Employers often design and implement Employee Bonus Plans to motivate employees to work hard and achieve company-set goals, be it sales targets, high marks on customer satisfaction surveys, or any other system of measuring achievement. Employee Bonus Plans are also a tremendously effective way to improve worker morale. Often, employers retain employment attorneys to draft these bonus plans in order to maximize effectiveness and to ensure compliance with local, state, and federal employment laws. In order to accomplish those goals, attorneys should pay careful attention to the following provisions.
* Purpose / Objectives: The purpose or objectives of the employee bonus plan should be laid out at or near the top of the plan. It is important to let employees know that the bonus plan is designed to reward employees for their contributions to the successful achievements of corporate goals and to share the success of the business with employees.
* Administration: The Employee Bonus Plan should let the employee know who is administering the plan and who will be setting the performance objectives, be it the Chief Executive Officer, the Director of Human Resources, or a team of executives.
* Eligibility: This provision should let the employees know which categories of employees are covered. Is this a bonus plan for the rank-and-file workers or for executives? Is it only for full-time employees, or are temporary and part-time employees, interns, and independent contractors involved as well? This provision should clarify which employees are eligible for the incentives described in the bonus plan.
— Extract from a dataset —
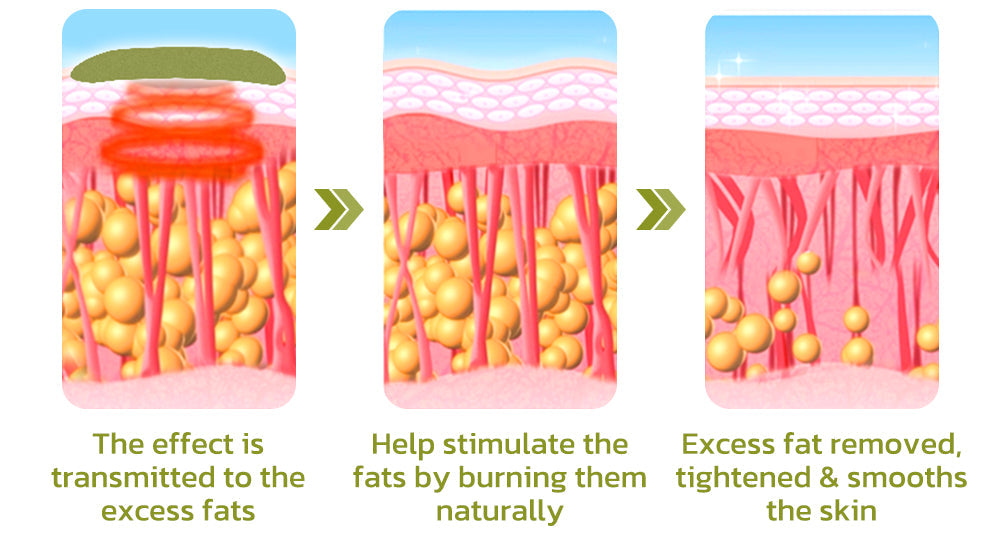 Patch for Reducing Cellulite - Natural Formula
* Confidentiality: Employers may want to include a confidentiality clause in their bonus plan. If so, this provision should state that participation in the bonus plan and all related discussion and documentation should be considered fully confidential between the company and the employee. All employees should be expected to honor this agreement and promise not to discuss or disclose bonus plan matters with any persons other than his or her manger or human resources.
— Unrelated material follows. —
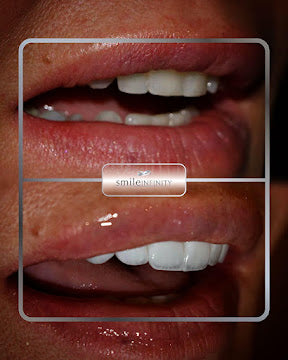 Z-Evolution No-Prep Veneers — All-Inclusive Beirut Experience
As far as the substance of the bonus plan, it is important for employers in California to be cognizant of state law. The following categories of incentive plans should be considered in compliance with California law:
* Bonus Plans Based on Gross Sales: Bonuses not reduced by any cost factor, e.g., based upon a gross sales goal or productivity in terms of units produced, hours worked, etc., should be acceptable because such bonuses are not affected by the costs of doing business, such as shrinkage or workers compensation costs.
* Bonus Plans Based on Certain Margins: Bonuses may be based on some portion of a company’s profits, excluding impermissible expenses discussed above. Thus, for example, a bonus based on a gross margin or contribution margin will be acceptable.
* Profit Sharing Plans: ERISA authorizes employers to implement profit sharing plans, and generally does not restrict how profits are calculated, except that amounts accrued must be determined under a definite ERISA-compliant pre-determined formula.
* Discretionary Bonuses: Truly discretionary bonuses are legal, but a bonus is discretionary only if: (1) the fact and the amount of the payment are determined in the sole discretion of management; and (2) the payments are not pursuant to any contract, agreement, or promise causing the employee to expect such payments regularly. However, note that a “discretionary” bonus regularly paid each year, e.g., a holiday bonus, may lose its discretionary character after some period of time if employees come to expect such payments.